Monday, June 9, 2014

playing pretend

Maybe I should start a new blog: Guide to one handed care-giving.  Or maybe Typing in a splint.  Of course I'm not even really quite just one handed. My right thumb and pinky are free, and the other 3 fingers' tips extend over the top of the splint and emerge from the wrapping. But they aren't real useful. For instance there's no way I can put my hair in a ponytail, cut anything, drive stick shift, push (or in our case, pull given the broken front wheel) a wheelchair, clean fingernails (mine or anyone else's), or give shots. Some things I can do but it takes way longer, like buttering toast, cut pills in half, dispense pills, change sheets, clean up after a nosebleed, and don't even ask about helping with colostomy care (not that anyone ever does ask). Some things I asked for help with at first but discovered I can do myself. For instance snapping my jeans because even after 30+ years of marriage I did not need to hear my husband ask- "Are you sure they fit you?" What I find is hardest to be UNable to do is keep my running list of what to do next. I was pretty well paralyzed for a day or 2 without my list. And the camera -no focus control as you can see.
Mostly, truthfully, it is somewhat entertaining to figure out how to use only the left hand with just a little help from the mummy hand. I can, after all, take the darn thing off once a day (for bathing) and I know it's not forever. It probably isn't even for many more days Plus I do get a little sympathy- although naturally not at home. It's like pretend.
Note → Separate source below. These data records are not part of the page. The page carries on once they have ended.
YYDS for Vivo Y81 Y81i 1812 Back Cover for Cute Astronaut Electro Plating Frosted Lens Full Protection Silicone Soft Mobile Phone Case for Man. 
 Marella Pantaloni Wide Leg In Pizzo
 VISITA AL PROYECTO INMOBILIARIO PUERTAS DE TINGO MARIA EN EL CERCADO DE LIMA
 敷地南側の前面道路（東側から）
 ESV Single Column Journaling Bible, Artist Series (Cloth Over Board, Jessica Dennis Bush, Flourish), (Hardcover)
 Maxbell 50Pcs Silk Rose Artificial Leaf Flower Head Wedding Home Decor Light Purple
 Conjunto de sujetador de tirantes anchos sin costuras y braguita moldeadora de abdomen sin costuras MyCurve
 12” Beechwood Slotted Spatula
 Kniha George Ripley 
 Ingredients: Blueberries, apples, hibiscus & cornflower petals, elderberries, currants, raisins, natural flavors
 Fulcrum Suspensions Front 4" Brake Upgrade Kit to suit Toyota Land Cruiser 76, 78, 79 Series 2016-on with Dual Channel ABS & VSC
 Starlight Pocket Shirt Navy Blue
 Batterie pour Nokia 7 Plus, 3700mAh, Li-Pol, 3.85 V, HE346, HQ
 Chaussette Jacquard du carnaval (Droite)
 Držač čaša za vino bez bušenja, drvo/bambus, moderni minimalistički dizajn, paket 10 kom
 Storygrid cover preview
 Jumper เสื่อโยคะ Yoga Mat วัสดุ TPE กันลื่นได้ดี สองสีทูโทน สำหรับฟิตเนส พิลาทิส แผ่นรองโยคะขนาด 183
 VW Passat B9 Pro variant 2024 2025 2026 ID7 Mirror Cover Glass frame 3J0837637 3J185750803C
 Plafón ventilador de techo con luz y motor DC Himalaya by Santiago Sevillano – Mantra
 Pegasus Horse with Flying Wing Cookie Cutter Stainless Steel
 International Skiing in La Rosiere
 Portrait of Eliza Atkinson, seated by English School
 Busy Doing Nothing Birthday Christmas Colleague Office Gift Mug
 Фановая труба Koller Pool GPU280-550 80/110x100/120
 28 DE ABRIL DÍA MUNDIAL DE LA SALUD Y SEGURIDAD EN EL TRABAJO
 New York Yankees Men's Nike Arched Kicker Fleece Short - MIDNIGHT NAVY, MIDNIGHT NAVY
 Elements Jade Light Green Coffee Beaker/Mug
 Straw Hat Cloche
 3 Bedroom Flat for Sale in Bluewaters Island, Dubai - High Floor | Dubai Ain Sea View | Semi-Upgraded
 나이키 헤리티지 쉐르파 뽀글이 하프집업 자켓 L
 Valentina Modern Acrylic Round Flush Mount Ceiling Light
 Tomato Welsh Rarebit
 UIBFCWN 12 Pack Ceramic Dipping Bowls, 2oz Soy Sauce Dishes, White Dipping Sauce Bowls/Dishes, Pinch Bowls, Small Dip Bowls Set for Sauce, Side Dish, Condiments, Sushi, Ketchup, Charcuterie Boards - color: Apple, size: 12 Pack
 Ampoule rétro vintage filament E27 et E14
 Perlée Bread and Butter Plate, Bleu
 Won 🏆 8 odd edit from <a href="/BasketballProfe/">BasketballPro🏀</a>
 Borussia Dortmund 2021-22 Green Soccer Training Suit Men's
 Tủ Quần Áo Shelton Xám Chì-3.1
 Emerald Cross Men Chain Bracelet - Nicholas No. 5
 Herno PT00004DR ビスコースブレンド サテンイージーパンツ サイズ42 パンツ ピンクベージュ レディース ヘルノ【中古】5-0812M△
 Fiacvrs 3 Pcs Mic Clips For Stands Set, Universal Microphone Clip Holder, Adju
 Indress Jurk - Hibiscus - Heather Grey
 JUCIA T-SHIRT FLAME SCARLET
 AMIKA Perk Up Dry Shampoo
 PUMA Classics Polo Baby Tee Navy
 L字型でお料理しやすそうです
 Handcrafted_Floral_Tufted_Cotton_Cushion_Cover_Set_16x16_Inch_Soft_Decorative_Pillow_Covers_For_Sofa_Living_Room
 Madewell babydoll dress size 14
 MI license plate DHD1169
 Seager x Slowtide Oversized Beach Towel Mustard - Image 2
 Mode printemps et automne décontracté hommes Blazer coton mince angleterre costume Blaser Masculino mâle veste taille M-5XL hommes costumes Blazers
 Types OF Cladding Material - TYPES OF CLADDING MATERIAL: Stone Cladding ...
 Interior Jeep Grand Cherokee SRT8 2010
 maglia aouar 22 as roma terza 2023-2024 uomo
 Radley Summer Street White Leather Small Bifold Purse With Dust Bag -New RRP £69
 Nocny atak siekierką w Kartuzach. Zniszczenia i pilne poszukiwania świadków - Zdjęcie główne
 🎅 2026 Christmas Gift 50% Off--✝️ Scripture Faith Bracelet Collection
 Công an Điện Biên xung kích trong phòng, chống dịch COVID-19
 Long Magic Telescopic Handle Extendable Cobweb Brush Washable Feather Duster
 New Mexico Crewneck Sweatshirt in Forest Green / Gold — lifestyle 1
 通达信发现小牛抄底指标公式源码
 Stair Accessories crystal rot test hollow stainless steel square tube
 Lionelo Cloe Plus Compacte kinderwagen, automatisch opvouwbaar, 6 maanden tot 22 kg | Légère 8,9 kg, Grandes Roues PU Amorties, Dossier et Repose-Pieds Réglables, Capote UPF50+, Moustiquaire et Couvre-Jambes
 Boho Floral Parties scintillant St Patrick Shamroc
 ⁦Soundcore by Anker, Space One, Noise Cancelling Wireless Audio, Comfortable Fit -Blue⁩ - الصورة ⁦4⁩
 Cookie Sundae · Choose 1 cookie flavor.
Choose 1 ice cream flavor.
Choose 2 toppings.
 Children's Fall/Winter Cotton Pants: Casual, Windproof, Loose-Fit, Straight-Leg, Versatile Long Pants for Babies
True story: When our eldest was 11 an orthopedic surgeon became convinced that the CP was twisting his legs such that unless she did a (follow me closely here) double derotational osteotomy - that would be cutting both femurs and "derotating" them before they were put back together -he would lose all ability to walk even with crutches. The surgery would be every bit as awful as it sounds and require 6 months in a wheel chair with casts and another 6 months "intense" physical therapy (he already had therapy twice a week and we did work with him most days). We went for other opinions. Dorsal rhizotomy anyone (randomly* snipping nerves in the spine)? And one day in the midst of this we walked into our (old, but not because of this) church and there were 3 boys, our son's age and younger, goofing off in the lobby in wheelchairs. It was part of a disability "awareness" program. They were "learning" what it was like to be handicapped. They were doing wheelies. My son had not been asked to participate or told about it -he said, "It's not right".  We went out for a Sunday brunch. Later we were sent a letter of apology -they were very sorry we didn't understand how truly sensitive they all were - and next time we should be sure to address our concerns to the appropriate committee because we had made that committee feel very unappreciated when we went to the pastor and told him how we felt. We knew whoever planned this meant well. We just thought they'd like to know how the only actual physically handicapped member of the church felt.  Silly us.

 We have nothing against pretending. The wisteria may have covered the castle but it's still there, you just have to push the branches aside to peer out.



* it's not done randomly now -but it was then.